We know that many factors play into use developing limerence. I talk in depth about these in the online video self-help series I’ve created here. In a nutshell, these include the human drive to procreate, that’s again hard wired in us. The drive to keep the species going is really the only reason we are here. Everything else is a bonus.
A large part of falling is love is as simple or as complex as us not getting many of our childhoods needs met whilst growing up. We go through life seeking validation, affirmation, recognition, approval and “love” from others that we didn’t get from our parents. And this is the power of our unconscious. As after all, Carl Jung says, ‘Until you make the unconscious conscious, it will direct your life and you will call it fate.’
And then our personality type may predispose us to getting limerence and let’s not forget early life attachment styles, the mirroring of our unconscious wounds, meeting the contra sexual aspects that are in us and our LO’s hold and so on and so forth.
So as you can see, its complicated! Whilst at the core is our brains trying to make sense of all this, we still have a long way to go to fully understand these deeper human issues of consciousness, memory, love, relationships plus a few more things!
So we cant think our way out of limerence?
As I’ve been saying for more than a decade now, limerence is an addiction, the mother of all addictions. Why do we get addicted? A large part of my clinical practice is working with addictions, a term by the way I dislike intensely as its shaming and judgemental and does not help the person being labelled as such. I’m more interested in the why? Beneath. Why is this person using this distraction? What are they avoiding dealing within their own lives? And its usually a distraction from feeling deeper and often long buried feelings.

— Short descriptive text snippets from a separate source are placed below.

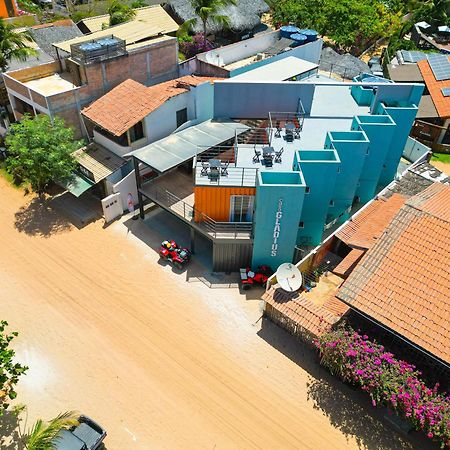 Casa Gladius Jijoca de Jericoacoara Exterior foto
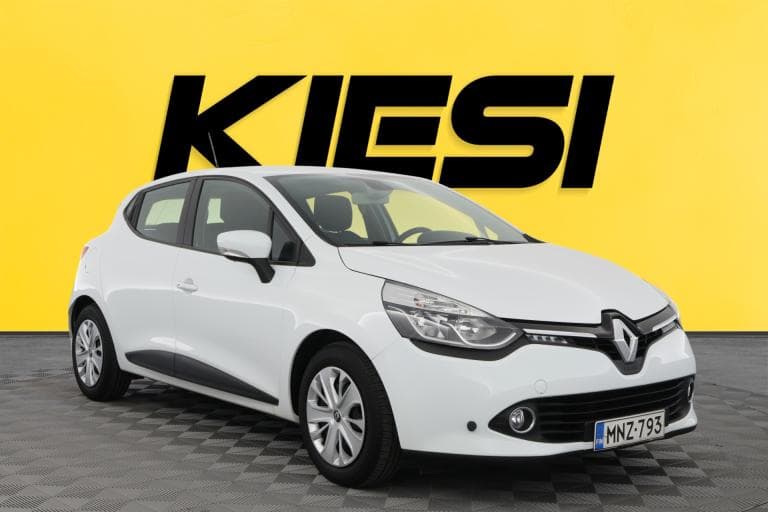 Renault Clio 2015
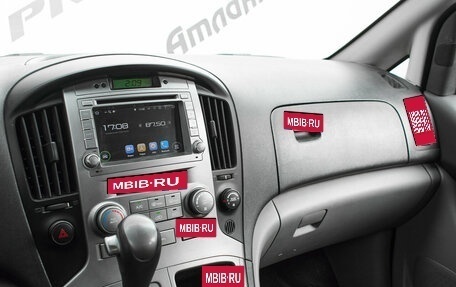 Hyundai Grand Starex Grand Starex I рестайлинг 2, 2008 год, 1 170 000 рублей, 17 фотография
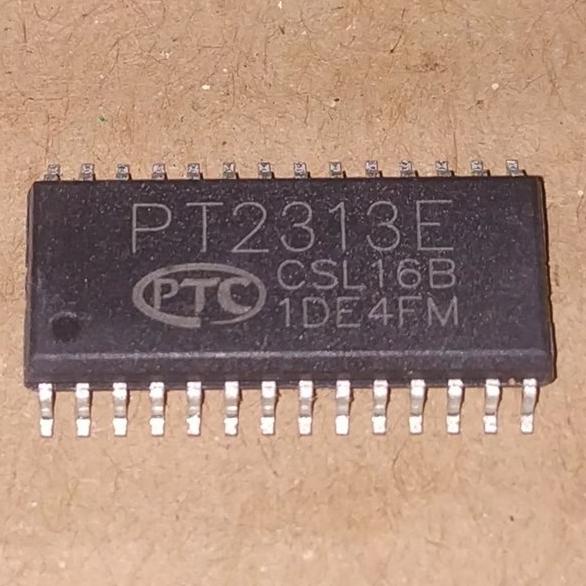 IC PT2313L PT2313 PT 2313L 2313 PT2313E SMD SOP-28 SOP28
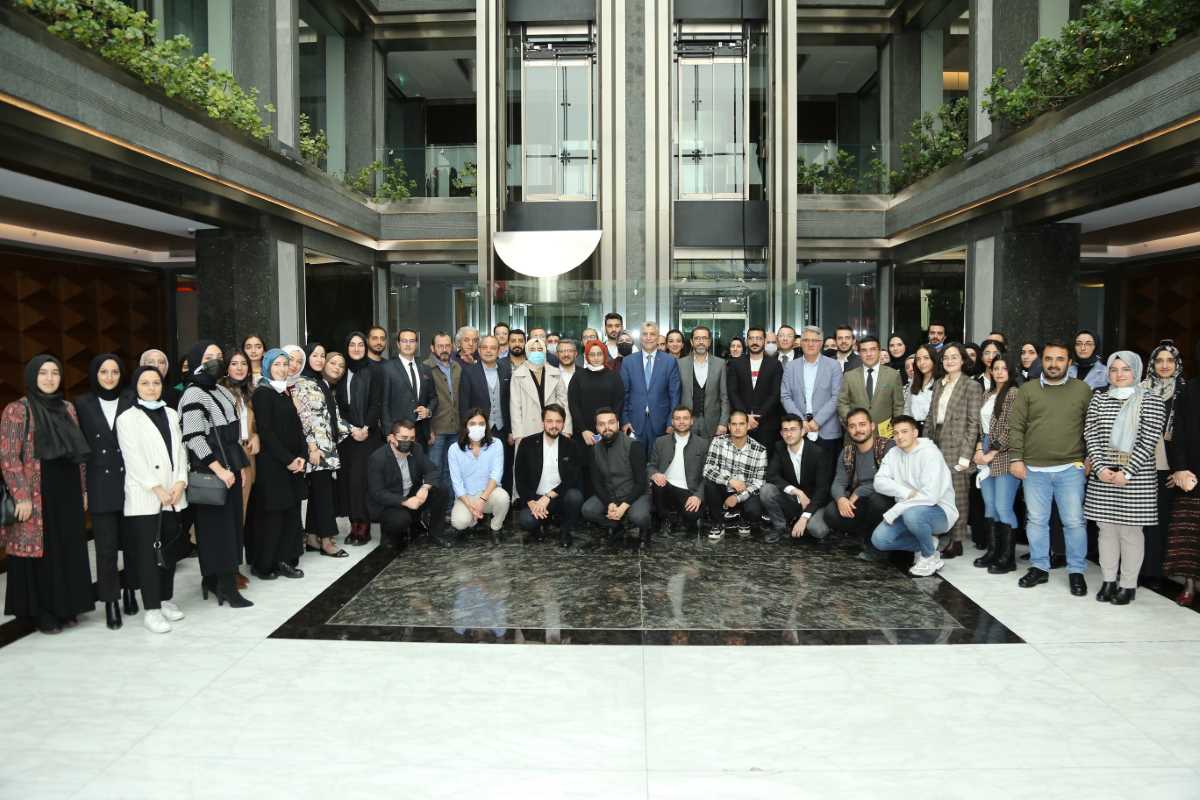 Geleceğin muhabirleri 'Genç Albayraklılar Medya İşbaşı Eğitim Programı'nda yetişecek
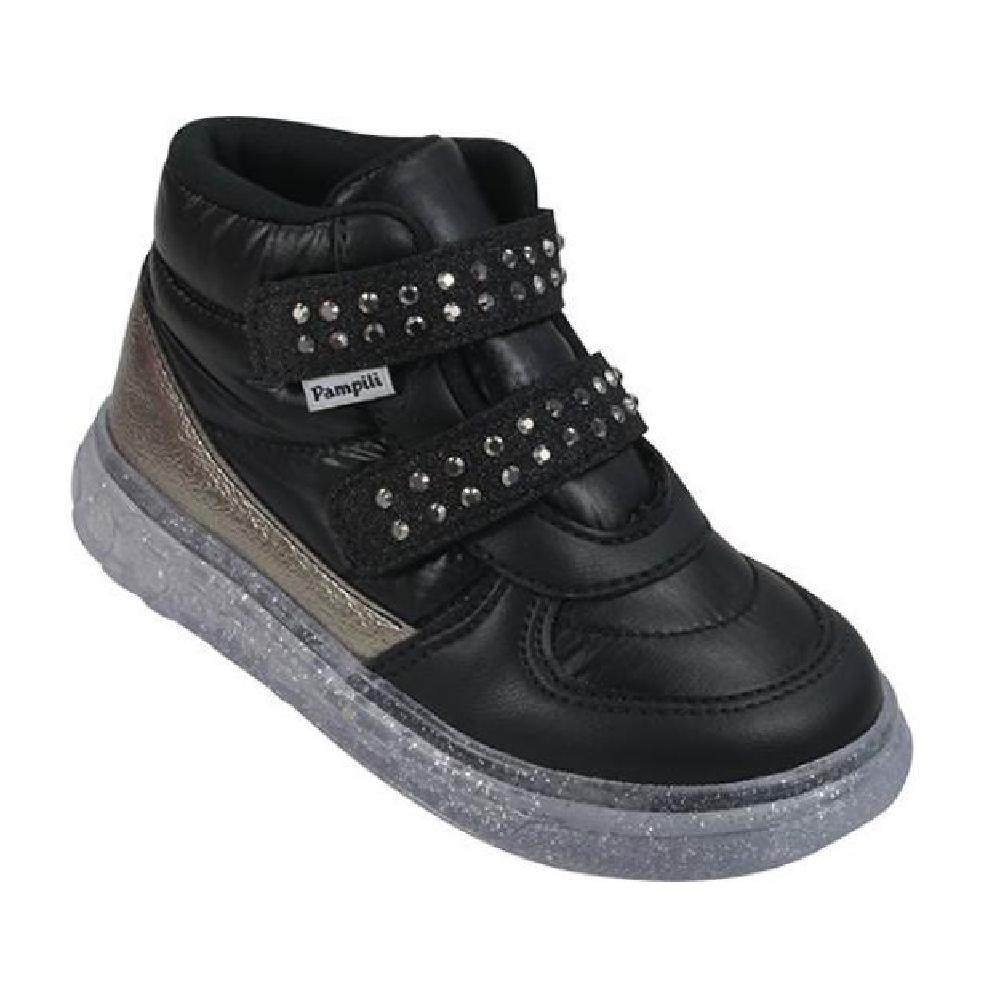 TENIS PAMPILI SNEAKER LUZ REF 483.041 MENINA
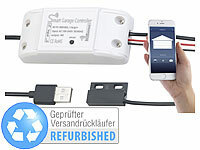 ; WLAN-Alarmanlagen mit GSM-Handynetz-Anbindungen 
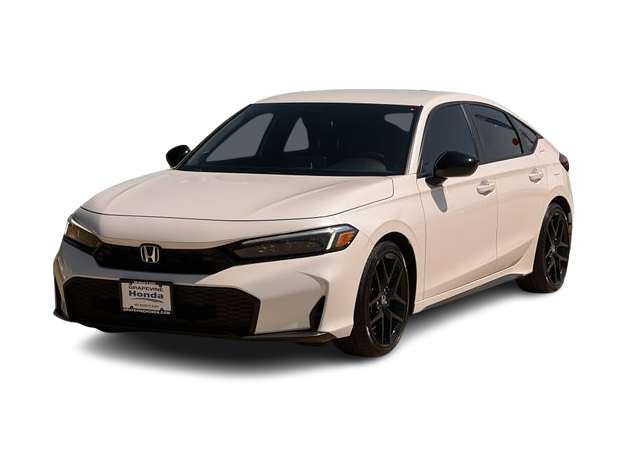 Thumbnail: 2025 Honda Civic - 1
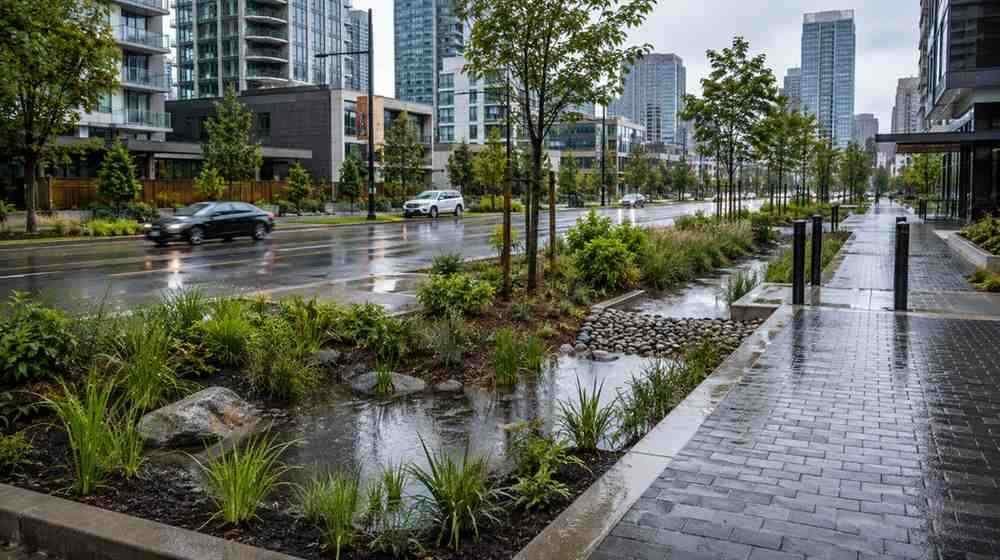 Managing Stormwater and Improving Water Quality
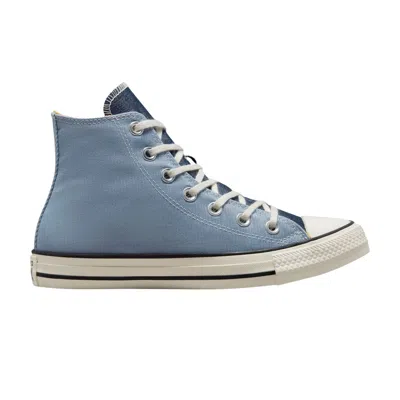 Pre-owned Converse Wmns Chuck Taylor All Star High 'denim - Ocean Retreat' | Blue | Women's Size 10.5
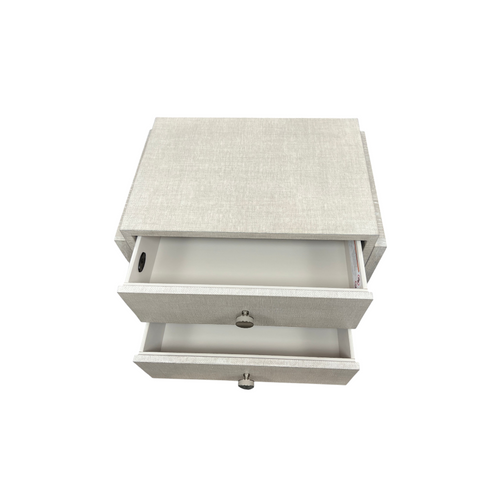 Hooker Furniture Modern Mood Two Drawer Nightstand, image 25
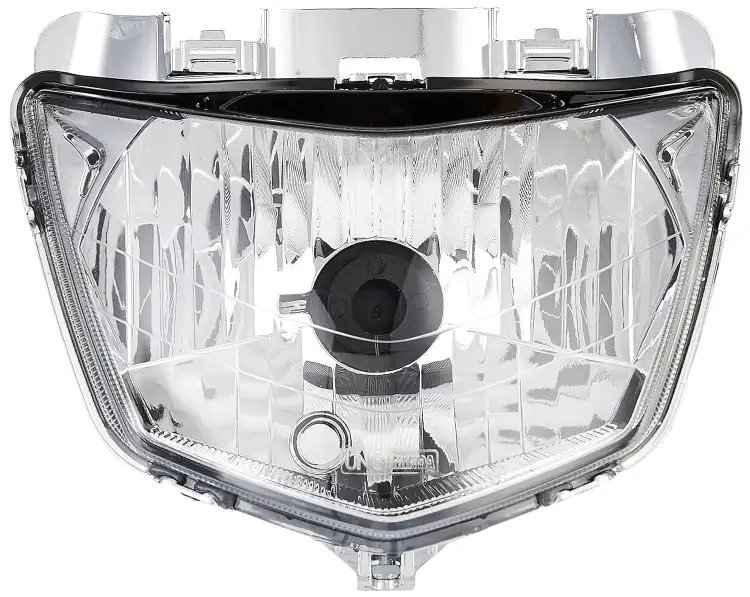 Head Light Unit (w Bulb) For Honda Dream Neo | Cd Dream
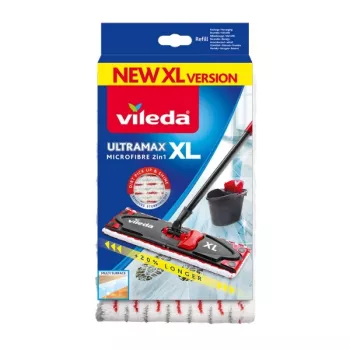 Mopped Vileda UltraMax XL Rot Weiß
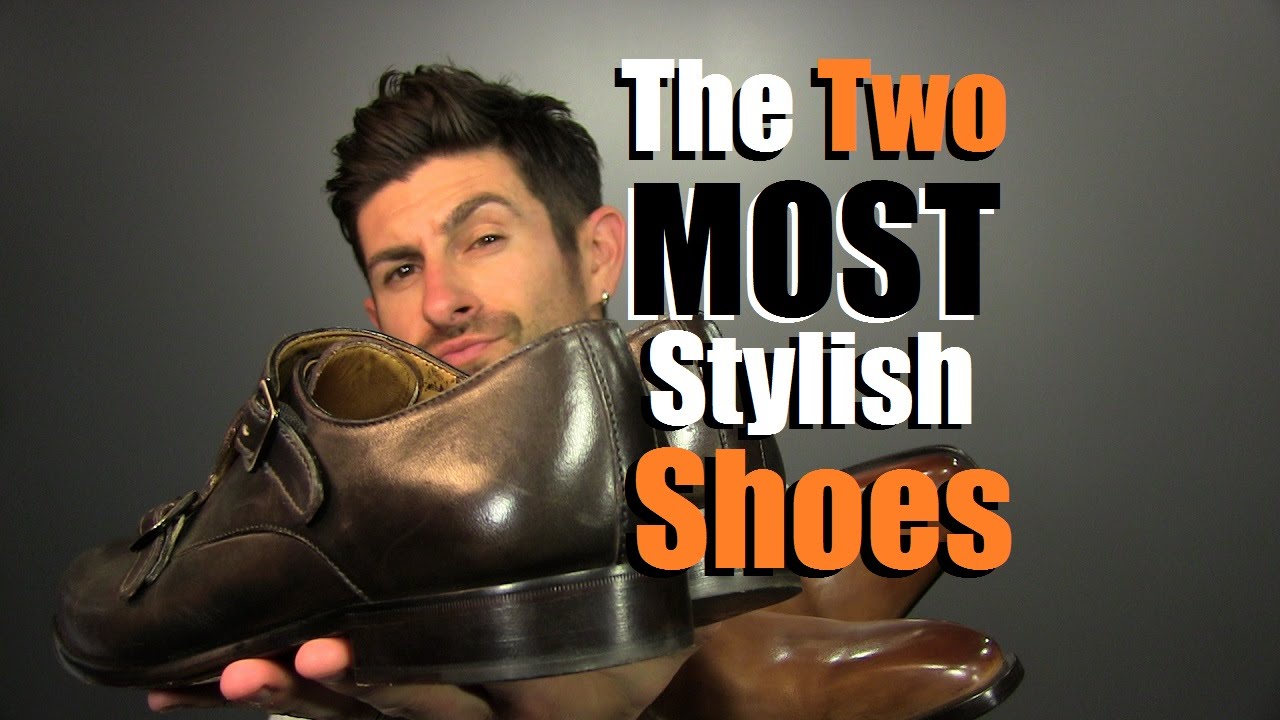 monk strap chelsea boot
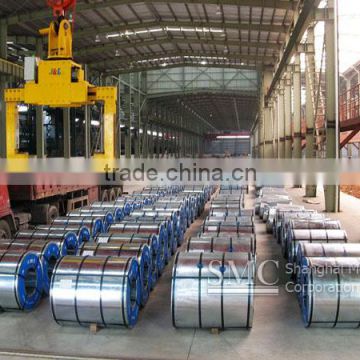 hot dipped galvanized steel coil sgch jis g3302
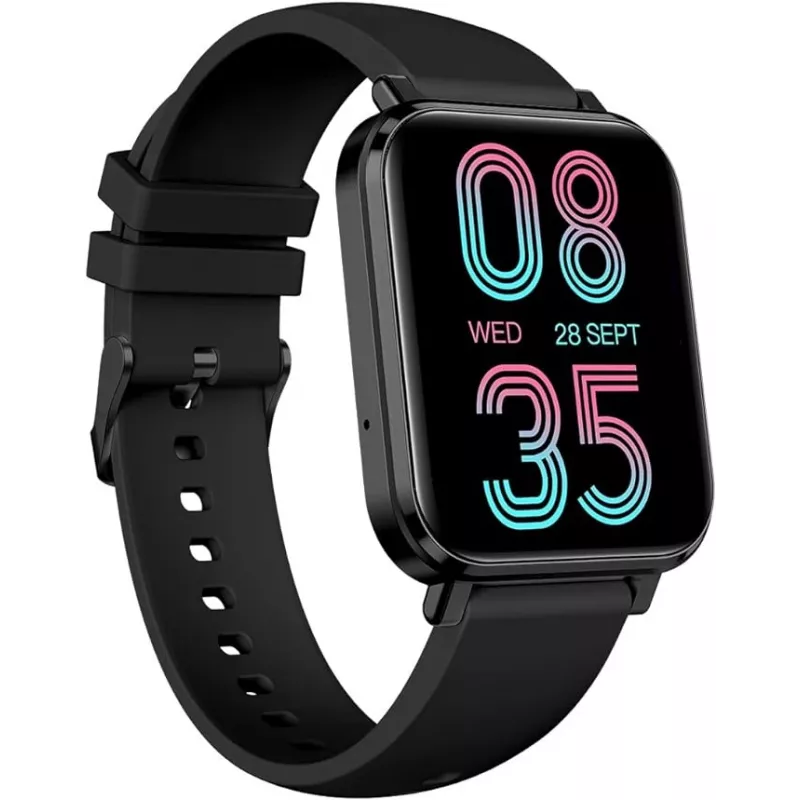 Smartwatch myPhone Watch LS Black 1.85 inch IPS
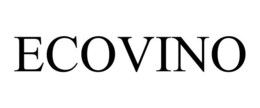 ECOVINO trademark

There is a lot of good understanding on addictions and breaking the habit through behavioural modifications. That said, to make permanent change to loosen the grip of any behaviour that is designed to take us away from uncomfortable feelings is going to fail in the longer term unless we address the route cause. So yes, behavioural modifications are initially useful to break the addictive obsessive loops we get caught up in with limerence. To get real healing takes work at exploring our deeper parts.
All emotional trauma is relational, and all healing is relational. That is why joining an online community can be so helpful. Even better is meeting up either virtually via zoom calls as a group or in person with a group for support. And even better, is individual coaching and therapy. All these are available through the limerence.net support community.
And lastly, why the anonymity?
At the core of so much of the work I do as a psychotherapist is helping people identify and get to the core of themselves. What we call the True Self. We shut off from our cores by developing different personas (which means masks and is where the word personality comes from) to protect ourselves. Clients never come in asking to work on their shame, however shame is always in the air, sometimes near and sometimes afar.
I used to hold so much shame myself, having grown up in a dysfunction family where my needs were negated. Limerence initially caused me massive shame and I recently made a video on the topic of limerence and shame. You can watch it here.
I’ve learned that the antidote to shame is light, in other words we have to be willing to show those parts of us that we feel shame about and its why I decided to go public with my own limerence. It was only by doing my deeper work that I was able to do that. And yes there are risks in doing this. It meant that anything I talked about in my writings were open to be read by my wife Ruth. So its forced me to be honest with her. And that’s helped our marriage immeasurably, although it’s not always been plane sailing!
And that’s why I believe someone would hide themselves. Perhaps they are still feeling too much shame around their own limerence? And of course, all this is conjecture, perhaps they are not really a doctor?